Boa leitura a todos.
A HISTÓRIA DE MIAUZINHA
Por Eurípedes da Silva
Extraído do Suplemento do Campo do
Jornal O Popular de 3 a 09 de janeiro de 2014.
Meu
tio Juca Borges, que Deus o tenha, foi um desbravador dos ermos do Triângulo
Mineiro nos idos de 1930. O sítio da família de meu avô ficava num mundaréu de
terra seca escorado numa região pantanosa conhecida como Bagagem. As terras
estavam entre o que era o município de Frutal e Uberaba, sendo mais perto o
distrito de Esplanada.
Por
volta de 1943 era um perigo sem conta aparecer onde tinha polícia, porque quem
estava em idade de servir ao exército, isto é, dos 21 aos 45 anos, corria sério
risco de ser recrutado como braço para a guerra.

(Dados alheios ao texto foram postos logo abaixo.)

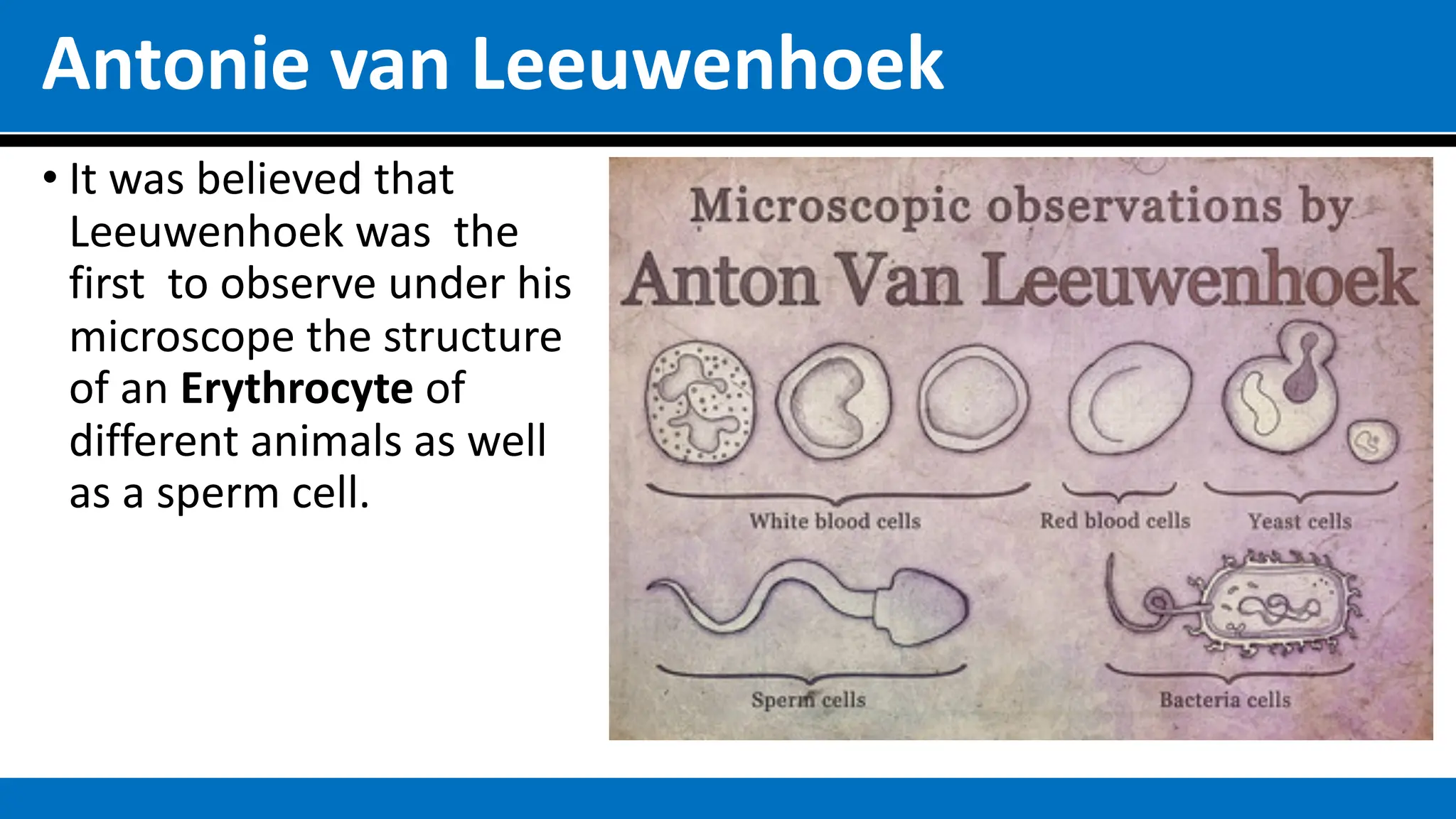 Antonie van Leeuwenhoek
• It was believed that
Leeuwenhoek was the
first to observe under his
microscope the structure
of an Erythrocyte of
different animals as well
as a sperm cell.
 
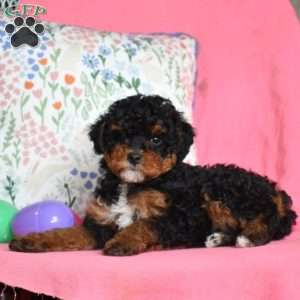 Luna, Miniature Poodle Puppy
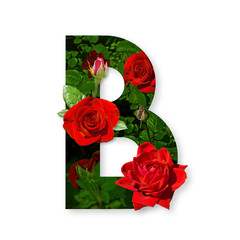 Letter B of the alphabet with red roses on white background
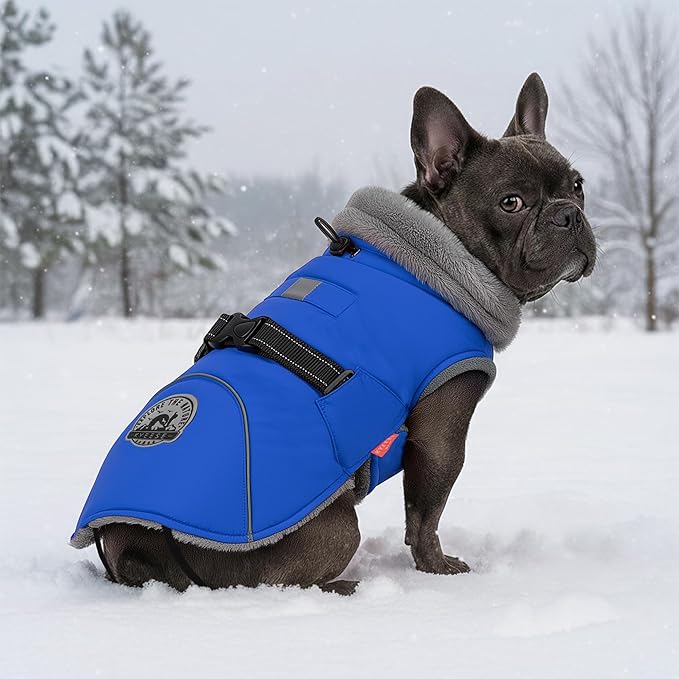KYEESE Waterproof Dog Coat, Windproof Warm Winter Jacket with Thick Fleece Lined, Turtleneck Dog Coats for Small Dogs with Leash Hole, Reflective Outdoor Cold Weather Coat, Blue, Medium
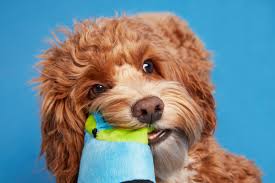 Image result for labradoodle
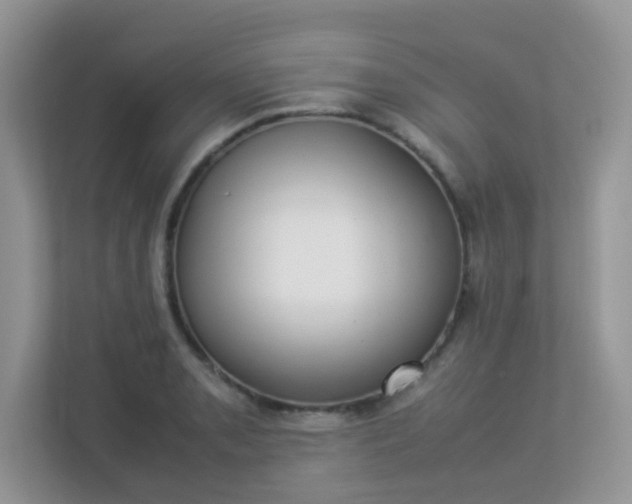 X0000113291085200909281007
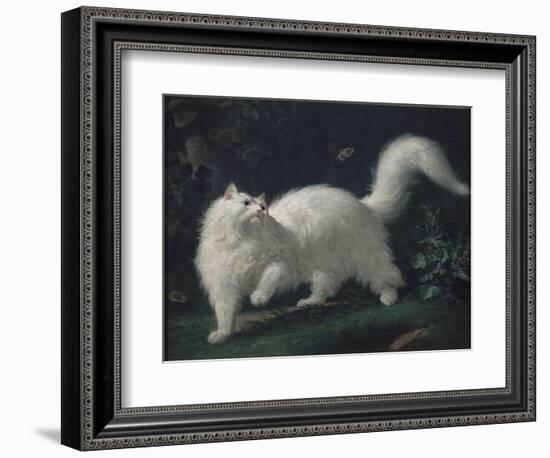 Angora Cat Chasing a Butterfly, C. 1760 (Oil on Canvas)-Jean Jacques Bachelier-Framed Giclee Print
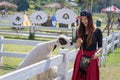 Attractive young woman feeding a sheep Royalty Free Stock Photo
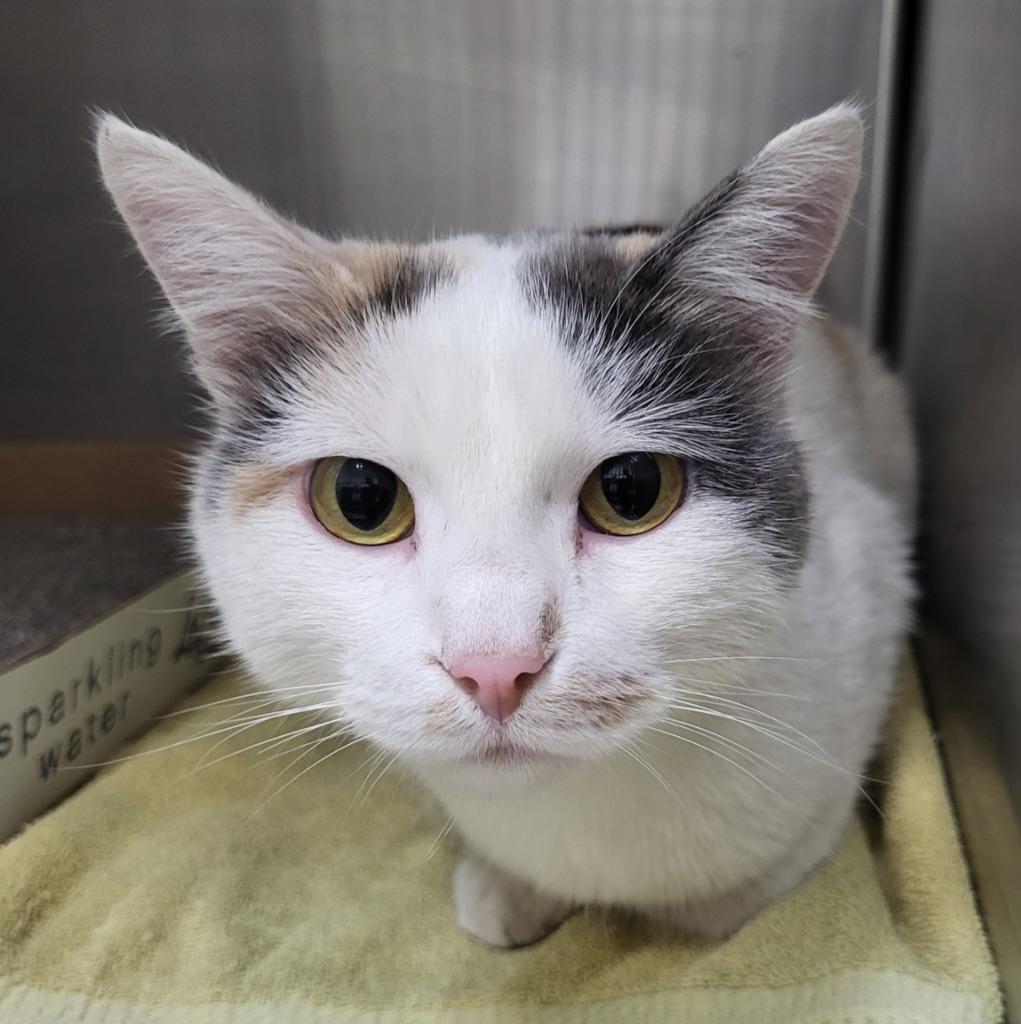 Nora, Adoptable, Young Female Domestic Short Hair & Calico.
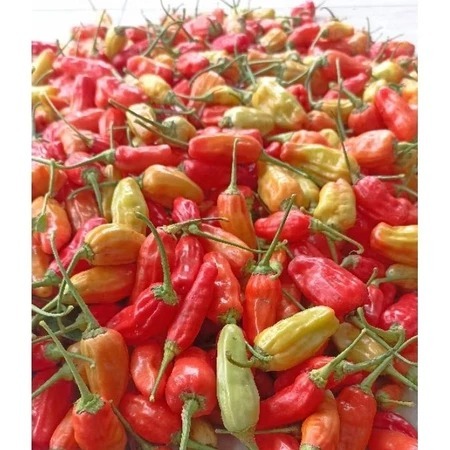 

Cabe rawit merah inul segar 250gr/500gr langsung dari kebun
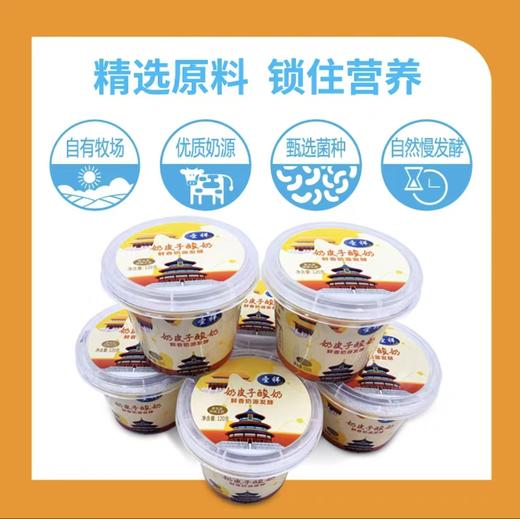 圣祥奶皮子酸奶120克 商品图0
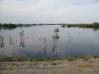 Файл=IMG_0582.jpg
Объём=203KB
Размеры=1063x797
Дата=Июнь 10, 2009 IMG_0582.jpg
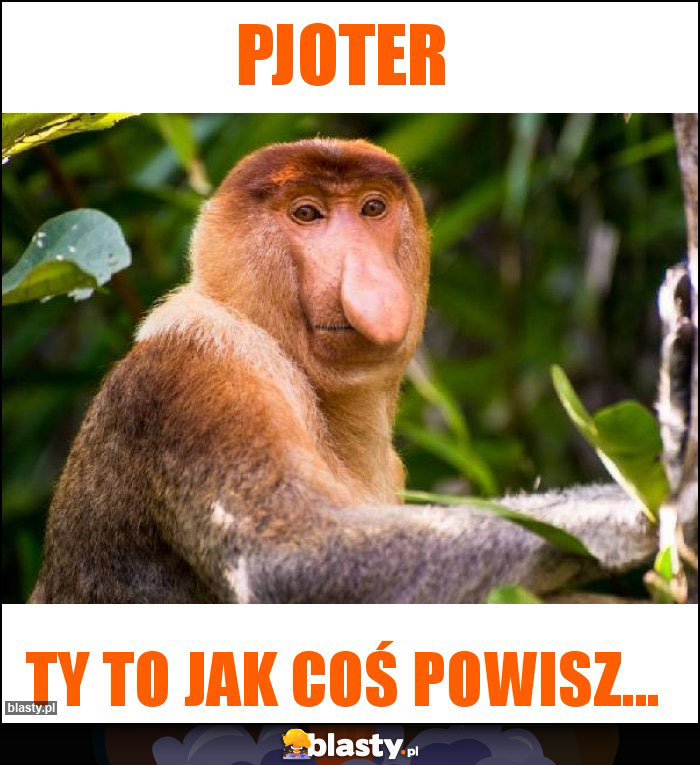 Pjoter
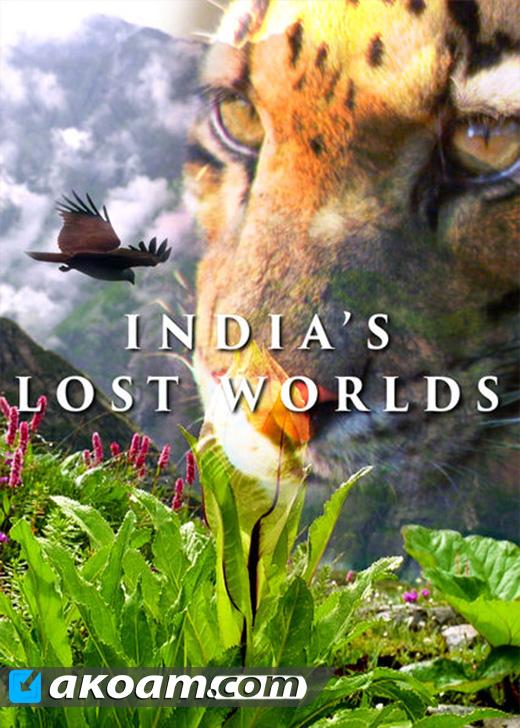 Потерянные миры Индии (2015)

O sujeito era pego na marra,
feito seu alistamento “voluntário” e, quando a família menos esperava, estava
embarcado nalgum comboio militar da Força Expedicionária Brasileira (FEB).
Muitos
infelizes foram apanhados de supetão e mandados para a guerra. Só voltavam
notícias que haviam morrido em combate, nos campos da Itália. Meu tio Juca, por
prevenção, não ia nem em povoado sem polícia, com medo de ser “abduzido” pelos
homens de guerra. A maior diversão dele de seus oito irmãos era caçar, o que na
época era considerado normal.
Numa
de suas caçadas mataram uma onça pintada com mais de nove arrobas. Quando foram
tirar-lhe o couro para levar como prova do feito, perceberam que a danada
estava prenha, chegadinha para parir, e resolveram abrir-lhe a barriga, fazendo
uma cesariana sem que se dessem conta disso.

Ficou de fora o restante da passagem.